Maruschka Waldus (defense: central back), Sherida Spitse (midfield: central) and Ajara Nchout (attack: right wing) of Vålerenga IF were selected in the Team Of The Year 2019, the best eleven players, of the Toppserien.

2020. This year was the best year ever for Vålerenga IF, they won the Norwegian competition, Toppserien, and they also won the Norwegian Women's Cup.

In January 2021, she joined Adelaide United in Australia in the W-League. Adelaide United played their best season ever and ended fifth in the regular competition. They missed the finals by one goal. Maruschka was voted Player of the Year of Adelaide United and received the Alagich Vidmar award.

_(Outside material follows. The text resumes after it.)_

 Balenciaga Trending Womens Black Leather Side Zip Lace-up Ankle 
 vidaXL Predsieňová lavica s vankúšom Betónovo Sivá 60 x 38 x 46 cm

In May 2021, after the end of the Australian season, Waldus joined Dutch club PSV, signing a two-season contract. However, Adelaide United wanted her back after 1 year and bought out her contract in August 2022. In September 2023, Waldus signed a two-year extension with the club. Despite being signed for the 2024–25 A-League Women season, in May 2024, the club announced Waldus' departure.

In August 2024, Waldus signed a one-year contract with Dutch club Feyenoord.

In May 2025, Waldus announced her retirement.